On Sat, 2009 Jan 17 16:33:11 +0100, Enrico Tröger wrote:
> 
> I wrote this in another mail in this thread, one/the reason for the
> arrow was to simplify the dialog.
> But based on the feedback in this thread, we will remove it.

Placing a "Replace All" GtkFrame around them might address potential user 
confusion... grouping the buttons together in the same way that the arrow 
currently does, but without hiding anything.

Alternately, just to toss in another idea, NEdit uses a label at the left 
such that the button labels complete a sentence. Something like

	Replace all in: [Session] [Document] [Selection]

(Which would nicely eliminate the redundant "In" preposition on each of the 
buttons.)

> >-3- I would add a "replace all in current scope" function that I dream
> >of for years already ;-) where 'scope' means closest nesting func,
> >class, or whatever.
> 
> Hmm, not sure. Could be done but adds yet another button, yet another
> thing you need to sort out when you do a quick search/replace.
> (this is not a 'no', just a 'I won't work on it')
> 
> >-4-This button and "in selection" should be invalid (greyed) whenever
> >there is no 'scope' (module toplevel, meaning "in scope" = "in doc")
> >or there is no selection.
> 
> Yes, this is a good idea (at least for selection).
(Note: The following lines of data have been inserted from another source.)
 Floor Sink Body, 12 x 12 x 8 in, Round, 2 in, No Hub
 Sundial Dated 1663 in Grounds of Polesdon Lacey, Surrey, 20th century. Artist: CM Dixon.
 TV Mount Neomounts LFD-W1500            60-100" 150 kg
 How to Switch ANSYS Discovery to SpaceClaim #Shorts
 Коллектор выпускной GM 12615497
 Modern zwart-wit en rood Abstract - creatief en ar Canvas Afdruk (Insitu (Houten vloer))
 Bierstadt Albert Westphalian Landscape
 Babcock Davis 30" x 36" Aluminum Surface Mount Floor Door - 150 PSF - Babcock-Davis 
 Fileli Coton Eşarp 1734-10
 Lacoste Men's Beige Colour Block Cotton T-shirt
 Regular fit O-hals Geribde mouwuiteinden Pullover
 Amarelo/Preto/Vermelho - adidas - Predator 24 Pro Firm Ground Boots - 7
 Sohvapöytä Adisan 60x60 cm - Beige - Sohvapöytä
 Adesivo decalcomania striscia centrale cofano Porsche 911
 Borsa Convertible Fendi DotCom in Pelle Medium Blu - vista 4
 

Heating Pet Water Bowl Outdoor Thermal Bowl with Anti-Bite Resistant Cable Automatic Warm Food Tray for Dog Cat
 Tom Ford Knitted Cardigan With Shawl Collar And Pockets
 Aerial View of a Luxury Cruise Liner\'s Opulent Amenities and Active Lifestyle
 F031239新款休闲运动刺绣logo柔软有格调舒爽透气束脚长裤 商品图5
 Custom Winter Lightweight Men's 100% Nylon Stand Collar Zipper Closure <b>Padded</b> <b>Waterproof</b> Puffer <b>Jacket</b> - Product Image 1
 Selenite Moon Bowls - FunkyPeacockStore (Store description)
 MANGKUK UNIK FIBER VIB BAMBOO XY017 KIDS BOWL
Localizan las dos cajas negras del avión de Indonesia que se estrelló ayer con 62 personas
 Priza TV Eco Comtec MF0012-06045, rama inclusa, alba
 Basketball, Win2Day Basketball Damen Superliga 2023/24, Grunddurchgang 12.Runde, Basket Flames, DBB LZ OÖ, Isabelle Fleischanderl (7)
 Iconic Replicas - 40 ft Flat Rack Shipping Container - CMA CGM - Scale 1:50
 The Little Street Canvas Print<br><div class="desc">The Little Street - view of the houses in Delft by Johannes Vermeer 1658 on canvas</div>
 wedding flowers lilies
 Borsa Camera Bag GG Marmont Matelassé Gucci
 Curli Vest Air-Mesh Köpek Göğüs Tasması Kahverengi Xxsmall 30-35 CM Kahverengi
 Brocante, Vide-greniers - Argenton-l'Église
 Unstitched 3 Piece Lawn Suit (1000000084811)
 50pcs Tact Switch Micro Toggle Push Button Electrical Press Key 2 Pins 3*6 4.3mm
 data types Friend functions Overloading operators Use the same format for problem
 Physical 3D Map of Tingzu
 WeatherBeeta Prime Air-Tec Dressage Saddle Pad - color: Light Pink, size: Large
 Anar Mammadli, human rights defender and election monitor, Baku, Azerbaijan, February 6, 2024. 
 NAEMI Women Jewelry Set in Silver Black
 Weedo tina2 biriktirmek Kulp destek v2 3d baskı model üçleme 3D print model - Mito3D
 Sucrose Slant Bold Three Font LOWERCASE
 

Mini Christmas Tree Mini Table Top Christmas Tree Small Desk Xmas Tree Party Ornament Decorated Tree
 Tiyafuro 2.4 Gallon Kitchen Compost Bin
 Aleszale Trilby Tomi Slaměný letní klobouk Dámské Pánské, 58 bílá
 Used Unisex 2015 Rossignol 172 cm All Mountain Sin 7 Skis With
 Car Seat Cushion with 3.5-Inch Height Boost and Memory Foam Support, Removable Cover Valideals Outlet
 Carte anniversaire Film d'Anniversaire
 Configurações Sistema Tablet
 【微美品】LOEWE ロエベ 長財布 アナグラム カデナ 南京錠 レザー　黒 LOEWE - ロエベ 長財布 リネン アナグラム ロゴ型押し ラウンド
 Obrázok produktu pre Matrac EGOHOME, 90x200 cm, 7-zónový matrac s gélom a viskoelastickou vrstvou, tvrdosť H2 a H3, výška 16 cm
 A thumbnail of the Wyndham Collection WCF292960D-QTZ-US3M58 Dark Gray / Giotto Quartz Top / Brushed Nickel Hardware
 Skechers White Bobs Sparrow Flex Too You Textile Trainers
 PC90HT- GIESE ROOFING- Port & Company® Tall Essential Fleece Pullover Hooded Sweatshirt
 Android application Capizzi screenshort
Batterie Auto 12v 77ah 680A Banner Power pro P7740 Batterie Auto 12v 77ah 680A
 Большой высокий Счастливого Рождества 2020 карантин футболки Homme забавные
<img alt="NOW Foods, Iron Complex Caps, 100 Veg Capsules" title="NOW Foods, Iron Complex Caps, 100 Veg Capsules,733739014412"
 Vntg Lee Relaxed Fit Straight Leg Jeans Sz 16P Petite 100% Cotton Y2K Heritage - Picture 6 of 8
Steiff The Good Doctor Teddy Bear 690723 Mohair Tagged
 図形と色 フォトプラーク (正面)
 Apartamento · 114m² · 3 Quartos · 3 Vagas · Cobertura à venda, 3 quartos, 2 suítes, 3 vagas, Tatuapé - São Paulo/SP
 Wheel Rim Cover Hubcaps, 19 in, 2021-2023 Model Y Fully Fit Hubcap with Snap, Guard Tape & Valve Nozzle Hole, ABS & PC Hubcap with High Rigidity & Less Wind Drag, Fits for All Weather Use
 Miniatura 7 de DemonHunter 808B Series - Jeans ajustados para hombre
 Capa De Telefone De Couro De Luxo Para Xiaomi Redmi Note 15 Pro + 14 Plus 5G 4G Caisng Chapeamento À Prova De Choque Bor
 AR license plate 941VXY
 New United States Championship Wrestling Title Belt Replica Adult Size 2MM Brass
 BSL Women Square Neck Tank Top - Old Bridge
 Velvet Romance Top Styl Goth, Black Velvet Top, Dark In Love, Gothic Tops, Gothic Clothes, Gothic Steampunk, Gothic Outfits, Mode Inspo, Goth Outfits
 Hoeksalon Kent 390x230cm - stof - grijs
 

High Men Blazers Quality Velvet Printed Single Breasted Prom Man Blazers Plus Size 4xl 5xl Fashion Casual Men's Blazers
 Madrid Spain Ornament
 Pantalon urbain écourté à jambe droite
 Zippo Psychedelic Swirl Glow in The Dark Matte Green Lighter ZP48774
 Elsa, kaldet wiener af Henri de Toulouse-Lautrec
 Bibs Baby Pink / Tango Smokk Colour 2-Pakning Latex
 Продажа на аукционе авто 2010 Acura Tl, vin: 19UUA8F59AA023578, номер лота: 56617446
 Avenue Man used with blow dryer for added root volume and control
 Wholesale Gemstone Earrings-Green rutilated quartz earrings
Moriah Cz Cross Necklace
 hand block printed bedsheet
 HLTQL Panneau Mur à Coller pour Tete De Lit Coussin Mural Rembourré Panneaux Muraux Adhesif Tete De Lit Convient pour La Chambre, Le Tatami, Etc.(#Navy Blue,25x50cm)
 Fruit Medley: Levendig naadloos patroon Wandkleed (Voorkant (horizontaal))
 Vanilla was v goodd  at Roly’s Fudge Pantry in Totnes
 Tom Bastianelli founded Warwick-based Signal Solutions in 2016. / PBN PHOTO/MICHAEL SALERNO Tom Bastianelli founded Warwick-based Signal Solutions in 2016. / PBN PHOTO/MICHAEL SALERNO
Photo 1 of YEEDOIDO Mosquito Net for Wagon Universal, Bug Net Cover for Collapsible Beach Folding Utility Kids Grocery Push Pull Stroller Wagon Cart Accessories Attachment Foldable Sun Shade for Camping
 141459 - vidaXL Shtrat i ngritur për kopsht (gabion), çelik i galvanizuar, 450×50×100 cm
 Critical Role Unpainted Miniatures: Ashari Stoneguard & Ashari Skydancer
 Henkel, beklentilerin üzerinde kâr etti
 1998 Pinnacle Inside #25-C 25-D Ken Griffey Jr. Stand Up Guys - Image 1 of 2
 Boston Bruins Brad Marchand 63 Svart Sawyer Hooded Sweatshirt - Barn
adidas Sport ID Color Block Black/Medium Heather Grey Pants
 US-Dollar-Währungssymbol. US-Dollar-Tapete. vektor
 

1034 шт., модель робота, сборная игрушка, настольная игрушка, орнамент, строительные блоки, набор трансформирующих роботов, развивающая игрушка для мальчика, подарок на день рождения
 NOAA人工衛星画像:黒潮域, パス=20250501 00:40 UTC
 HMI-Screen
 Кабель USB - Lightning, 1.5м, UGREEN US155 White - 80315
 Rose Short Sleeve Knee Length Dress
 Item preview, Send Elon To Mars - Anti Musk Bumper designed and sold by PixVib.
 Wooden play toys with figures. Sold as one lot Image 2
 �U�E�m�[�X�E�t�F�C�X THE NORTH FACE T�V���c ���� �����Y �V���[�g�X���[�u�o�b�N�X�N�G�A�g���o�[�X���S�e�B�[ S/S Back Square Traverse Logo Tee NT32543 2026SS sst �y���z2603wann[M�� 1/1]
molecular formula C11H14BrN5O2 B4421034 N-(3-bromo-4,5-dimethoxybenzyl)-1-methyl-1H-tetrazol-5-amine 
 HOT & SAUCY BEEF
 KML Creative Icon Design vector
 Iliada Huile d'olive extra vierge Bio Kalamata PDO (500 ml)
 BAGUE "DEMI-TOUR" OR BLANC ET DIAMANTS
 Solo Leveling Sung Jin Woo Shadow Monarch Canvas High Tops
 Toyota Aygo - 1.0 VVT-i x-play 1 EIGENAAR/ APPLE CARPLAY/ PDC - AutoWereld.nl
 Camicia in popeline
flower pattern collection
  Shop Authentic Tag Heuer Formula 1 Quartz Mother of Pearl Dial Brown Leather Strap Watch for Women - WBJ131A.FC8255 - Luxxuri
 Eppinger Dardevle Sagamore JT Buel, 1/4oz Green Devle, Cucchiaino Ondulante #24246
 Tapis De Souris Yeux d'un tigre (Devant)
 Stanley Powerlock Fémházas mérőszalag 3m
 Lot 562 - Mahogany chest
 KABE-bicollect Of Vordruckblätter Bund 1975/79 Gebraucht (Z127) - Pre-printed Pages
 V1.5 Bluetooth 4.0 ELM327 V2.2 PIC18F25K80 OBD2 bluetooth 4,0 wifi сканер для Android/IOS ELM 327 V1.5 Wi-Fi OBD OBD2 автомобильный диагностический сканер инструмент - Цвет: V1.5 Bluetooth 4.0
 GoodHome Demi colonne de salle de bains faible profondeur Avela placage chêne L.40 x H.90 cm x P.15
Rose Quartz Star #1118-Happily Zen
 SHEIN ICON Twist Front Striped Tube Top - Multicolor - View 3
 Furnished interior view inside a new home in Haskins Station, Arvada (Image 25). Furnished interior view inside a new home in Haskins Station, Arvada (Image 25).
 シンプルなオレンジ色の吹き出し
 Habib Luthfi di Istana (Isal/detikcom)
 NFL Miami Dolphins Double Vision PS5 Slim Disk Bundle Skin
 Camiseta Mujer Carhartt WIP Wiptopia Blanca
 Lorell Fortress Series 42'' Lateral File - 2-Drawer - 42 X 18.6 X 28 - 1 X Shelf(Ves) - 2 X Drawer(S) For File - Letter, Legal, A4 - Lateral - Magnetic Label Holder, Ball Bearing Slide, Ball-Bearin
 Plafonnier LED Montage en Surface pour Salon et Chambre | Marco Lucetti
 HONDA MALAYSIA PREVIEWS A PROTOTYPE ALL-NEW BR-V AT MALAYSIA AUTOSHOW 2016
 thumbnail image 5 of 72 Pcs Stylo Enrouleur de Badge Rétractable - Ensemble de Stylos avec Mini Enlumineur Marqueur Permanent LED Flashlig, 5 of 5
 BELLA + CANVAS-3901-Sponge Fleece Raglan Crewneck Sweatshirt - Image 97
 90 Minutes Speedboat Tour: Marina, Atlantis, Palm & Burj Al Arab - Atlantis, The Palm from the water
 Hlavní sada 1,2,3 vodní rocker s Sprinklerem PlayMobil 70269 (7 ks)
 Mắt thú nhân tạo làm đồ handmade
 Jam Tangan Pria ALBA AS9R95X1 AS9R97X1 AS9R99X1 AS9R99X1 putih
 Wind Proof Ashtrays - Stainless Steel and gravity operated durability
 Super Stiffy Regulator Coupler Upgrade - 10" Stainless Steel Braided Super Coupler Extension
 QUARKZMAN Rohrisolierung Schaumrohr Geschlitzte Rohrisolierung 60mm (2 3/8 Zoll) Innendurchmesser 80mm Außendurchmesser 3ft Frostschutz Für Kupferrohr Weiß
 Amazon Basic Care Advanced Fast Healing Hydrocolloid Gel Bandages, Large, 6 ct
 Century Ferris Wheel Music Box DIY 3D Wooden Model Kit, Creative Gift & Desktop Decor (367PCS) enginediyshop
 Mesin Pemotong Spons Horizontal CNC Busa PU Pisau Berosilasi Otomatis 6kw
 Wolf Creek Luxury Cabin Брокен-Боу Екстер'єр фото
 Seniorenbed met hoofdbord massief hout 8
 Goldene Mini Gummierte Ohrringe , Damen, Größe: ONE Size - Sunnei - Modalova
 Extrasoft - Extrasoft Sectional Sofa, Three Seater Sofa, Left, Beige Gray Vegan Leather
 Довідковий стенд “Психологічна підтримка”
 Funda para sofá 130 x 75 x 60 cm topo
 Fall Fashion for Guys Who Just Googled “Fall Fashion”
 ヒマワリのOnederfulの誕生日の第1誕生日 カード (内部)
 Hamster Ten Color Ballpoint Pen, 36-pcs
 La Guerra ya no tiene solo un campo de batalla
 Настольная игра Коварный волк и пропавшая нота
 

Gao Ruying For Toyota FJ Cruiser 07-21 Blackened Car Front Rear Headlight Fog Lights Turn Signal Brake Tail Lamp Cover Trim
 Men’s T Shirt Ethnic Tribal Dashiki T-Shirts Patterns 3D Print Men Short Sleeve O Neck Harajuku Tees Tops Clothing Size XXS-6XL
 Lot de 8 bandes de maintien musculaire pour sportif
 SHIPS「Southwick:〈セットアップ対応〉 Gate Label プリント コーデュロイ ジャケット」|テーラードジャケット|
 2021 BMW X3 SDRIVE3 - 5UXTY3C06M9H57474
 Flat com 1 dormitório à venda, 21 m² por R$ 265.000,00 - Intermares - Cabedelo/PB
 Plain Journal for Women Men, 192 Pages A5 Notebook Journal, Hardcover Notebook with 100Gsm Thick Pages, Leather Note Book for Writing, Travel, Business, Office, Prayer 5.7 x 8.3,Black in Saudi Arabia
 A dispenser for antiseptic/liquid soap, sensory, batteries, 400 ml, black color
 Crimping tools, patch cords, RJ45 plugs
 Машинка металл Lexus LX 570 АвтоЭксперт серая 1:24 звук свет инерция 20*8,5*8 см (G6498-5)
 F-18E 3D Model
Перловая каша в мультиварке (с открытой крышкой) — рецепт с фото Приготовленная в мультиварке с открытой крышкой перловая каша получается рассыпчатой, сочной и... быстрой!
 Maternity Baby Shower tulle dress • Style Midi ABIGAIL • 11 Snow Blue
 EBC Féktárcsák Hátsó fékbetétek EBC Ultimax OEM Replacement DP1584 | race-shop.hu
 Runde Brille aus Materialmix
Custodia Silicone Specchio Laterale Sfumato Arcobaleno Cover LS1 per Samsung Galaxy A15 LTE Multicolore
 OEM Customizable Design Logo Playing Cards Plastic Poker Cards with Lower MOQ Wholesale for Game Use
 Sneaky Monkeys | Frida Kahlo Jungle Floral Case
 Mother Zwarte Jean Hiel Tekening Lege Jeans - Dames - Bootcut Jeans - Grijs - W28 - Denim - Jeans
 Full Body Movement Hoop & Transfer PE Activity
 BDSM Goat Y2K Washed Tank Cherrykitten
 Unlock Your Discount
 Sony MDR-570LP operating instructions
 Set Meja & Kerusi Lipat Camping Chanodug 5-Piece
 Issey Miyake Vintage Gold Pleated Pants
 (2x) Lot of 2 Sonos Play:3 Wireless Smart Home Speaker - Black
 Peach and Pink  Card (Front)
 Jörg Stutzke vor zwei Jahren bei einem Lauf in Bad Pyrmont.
Agree on greying out "In Selection" when there is no selection. "In Scope" 
sounds interesting, but I think it would be too complicated practically to 
be added alongside the other find/replace modes. My misgivings:

1. Would it work reliably/predictably, even in cases of complex C++ code 
   and the like?

2. What, exactly, does "scope" mean? Body of the current function/method? 
   (Would it include the signature line, so you can find/replace the formal 
   parameters too?) What about just the current curly-brace block, which 
   would also have a claim to the term "scope?" Or the current class? Would 
   there be a preference to decide between these, or would it be something 
   set by the language syntax driver?

> >-6- I'd love an '\i' code working in both the search & replace fields,
> >that would mean 'indent' & match the user specified value for one
> >level of indentation in preferences (that is n spaces or one tab).
> 
> Use regular expressions like "^[ \t] .*" or something similar, I
> usually fail to construct untested regexps :).

Yeah, for cases like this I'd do e.g. s/^(\s*)foobaz/\1barqux/. There might 
be some value to \i if you're changing indent levels, but Geany already has 
such an excellent keybinding for this (Tab or Shift-Tab with a selection) 
that I would say a new regex escape is not needed.